(Dataset records)
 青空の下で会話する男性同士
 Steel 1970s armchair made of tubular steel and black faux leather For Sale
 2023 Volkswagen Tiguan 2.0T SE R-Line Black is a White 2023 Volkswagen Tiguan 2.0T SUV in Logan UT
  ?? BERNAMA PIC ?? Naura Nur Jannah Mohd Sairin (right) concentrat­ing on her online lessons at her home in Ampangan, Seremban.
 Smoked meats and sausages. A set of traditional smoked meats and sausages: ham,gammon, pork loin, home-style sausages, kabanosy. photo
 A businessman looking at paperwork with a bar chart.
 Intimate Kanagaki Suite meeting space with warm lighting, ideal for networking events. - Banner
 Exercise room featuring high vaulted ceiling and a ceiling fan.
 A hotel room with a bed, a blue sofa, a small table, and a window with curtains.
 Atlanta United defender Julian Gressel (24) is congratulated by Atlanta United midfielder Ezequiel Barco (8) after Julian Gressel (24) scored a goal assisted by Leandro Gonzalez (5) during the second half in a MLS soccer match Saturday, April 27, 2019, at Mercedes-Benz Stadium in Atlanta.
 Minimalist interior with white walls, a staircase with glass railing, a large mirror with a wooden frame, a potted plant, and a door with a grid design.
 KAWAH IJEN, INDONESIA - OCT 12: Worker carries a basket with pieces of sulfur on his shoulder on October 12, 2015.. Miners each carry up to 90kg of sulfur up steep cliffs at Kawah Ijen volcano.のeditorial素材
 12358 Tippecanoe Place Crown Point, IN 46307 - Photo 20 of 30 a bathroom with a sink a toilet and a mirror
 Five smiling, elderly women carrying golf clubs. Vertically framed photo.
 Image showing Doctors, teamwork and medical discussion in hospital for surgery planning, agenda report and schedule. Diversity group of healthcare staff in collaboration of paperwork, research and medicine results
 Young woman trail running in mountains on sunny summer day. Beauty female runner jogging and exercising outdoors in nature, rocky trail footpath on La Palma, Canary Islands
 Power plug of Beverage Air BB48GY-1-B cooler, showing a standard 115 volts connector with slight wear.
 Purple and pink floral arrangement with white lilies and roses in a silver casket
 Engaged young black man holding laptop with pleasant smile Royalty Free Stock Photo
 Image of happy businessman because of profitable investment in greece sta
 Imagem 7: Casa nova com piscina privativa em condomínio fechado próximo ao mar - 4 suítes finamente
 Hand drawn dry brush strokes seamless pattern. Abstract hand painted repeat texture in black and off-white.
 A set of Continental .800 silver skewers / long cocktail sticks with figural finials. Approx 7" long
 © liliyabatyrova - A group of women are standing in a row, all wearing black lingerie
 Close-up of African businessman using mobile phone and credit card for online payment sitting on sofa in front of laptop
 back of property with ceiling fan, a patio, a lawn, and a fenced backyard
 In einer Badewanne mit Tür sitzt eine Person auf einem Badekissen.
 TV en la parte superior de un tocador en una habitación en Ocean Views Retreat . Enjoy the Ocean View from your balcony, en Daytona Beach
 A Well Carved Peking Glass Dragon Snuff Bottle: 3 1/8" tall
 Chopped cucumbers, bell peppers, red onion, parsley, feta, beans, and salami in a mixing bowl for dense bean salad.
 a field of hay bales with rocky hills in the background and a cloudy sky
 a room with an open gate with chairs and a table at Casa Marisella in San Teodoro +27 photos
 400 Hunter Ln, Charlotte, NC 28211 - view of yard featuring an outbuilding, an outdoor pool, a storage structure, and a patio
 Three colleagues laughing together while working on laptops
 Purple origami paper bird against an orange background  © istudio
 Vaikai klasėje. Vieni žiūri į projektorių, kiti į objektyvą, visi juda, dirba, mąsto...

REQUIRED WORK.
Precisely reproduce the lines of the entries, beginning at the first and ending at the one containing "A hotel room". Add nothing.

OUTPUT OF THE EXERCISE.
 青空の下で会話する男性同士
 Steel 1970s armchair made of tubular steel and black faux leather For Sale
 2023 Volkswagen Tiguan 2.0T SE R-Line Black is a White 2023 Volkswagen Tiguan 2.0T SUV in Logan UT
  ?? BERNAMA PIC ?? Naura Nur Jannah Mohd Sairin (right) concentrat­ing on her online lessons at her home in Ampangan, Seremban.
 Smoked meats and sausages. A set of traditional smoked meats and sausages: ham,gammon, pork loin, home-style sausages, kabanosy. photo
 A businessman looking at paperwork with a bar chart.
 Intimate Kanagaki Suite meeting space with warm lighting, ideal for networking events. - Banner
 Exercise room featuring high vaulted ceiling and a ceiling fan.
 A hotel room with a bed, a blue sofa, a small table, and a window with curtains.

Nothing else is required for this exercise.